In the T5 report, Mr Plunkett said that since the end of 2018, “we have focused our attention on securing a strategic investor to either provide a cornerstone investment or a revived IPO, or to fund T5 privately to build a much larger entity capable of attracting public investor interest in the company”.

“We have been working with one particular potential partner who is keen to enter the Africa market and who has undertaken comprehensive due diligence on the Owali asset already. We have also shown them other opportunities to allow them build a portfolio but their slow decision making has made the process very protracted.”

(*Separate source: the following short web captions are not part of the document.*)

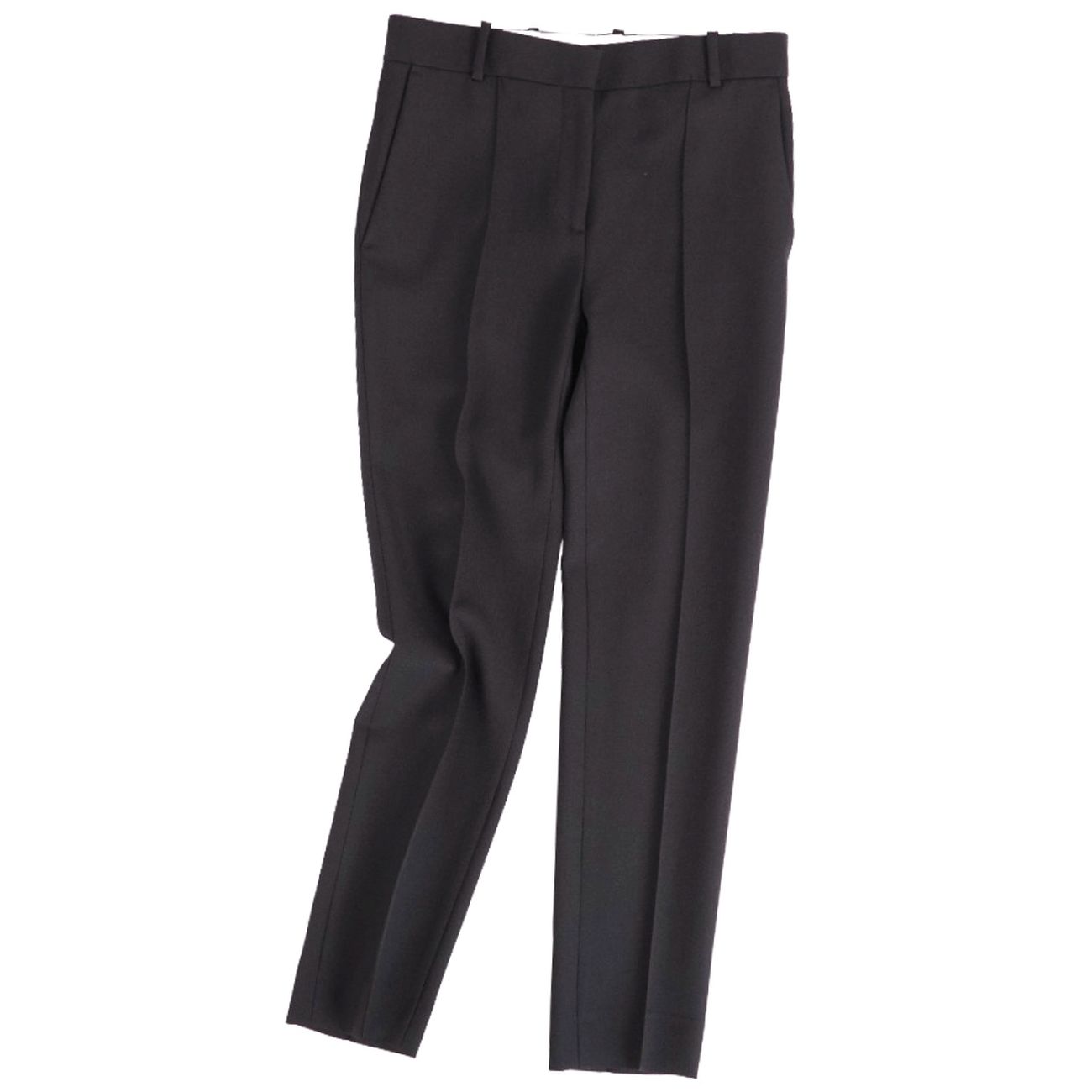 楽天市場】セリーヌ フィービーの通販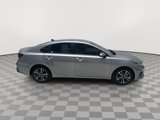 Used 2024 Kia Forte LXS image 4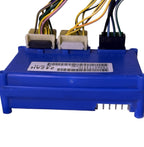 Dakota 4x4 TCCM Transfer Case Control Module – P56028242 for 2001-2004 Dodge Durango — photo 4
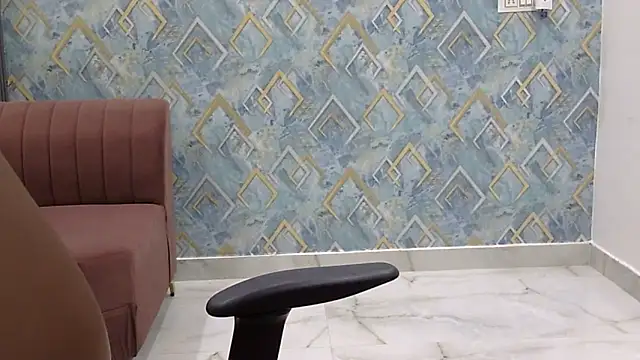 Zoya-sexy online show from 06.10.26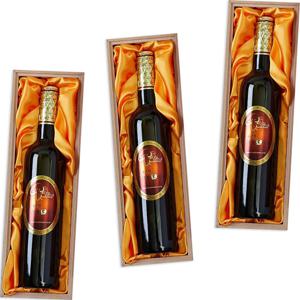 상황흑식초 500ml*3팩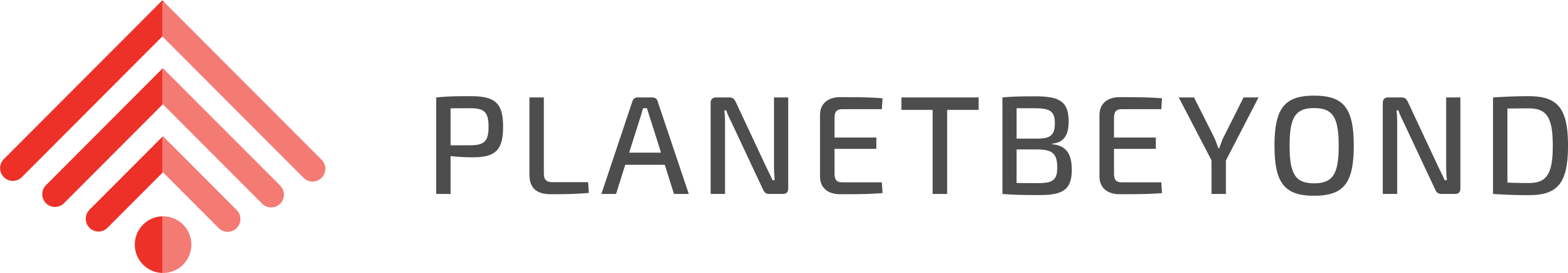 silver catagory sponsersponser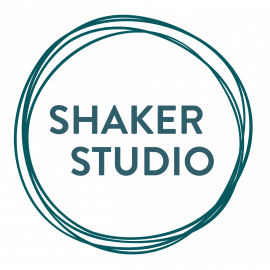 Shaker Studio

Mr Plunkett declined to disclose the identity of the potential investor to The Irish Times, other than to say that it had an Asian background. T5 has between 40 and 50 private investors, mainly based in Ireland.

T5's management team, including exploration director Gerard Sheehan and chief operating officer Philip Crookall, were paid only 50 per cent of their salary during 2018, with the remainder being accrued. Mr Plunkett's $134,000 salary was accrued but not paid.

Open offer

The company sought in September to raise $490,000 from existing shareholders to provide money to operate through the middle of this year. As of December 18th, it had raised $370,000 from the open offer.

T5 sold $4.45 million of loan notes at the end of 2017 that are convertible into equity in the event of an IPO or sale of the company. As neither had happened by June 2018, interest has been chargeable since then at an annual rate of 7 per cent.

The company is in technical default on these notes as it has not made quarterly interest payments since August 2018. However, holders of the notes remain supportive and have not enforced default provisions as the company continues to focus on an IPO, according to the report.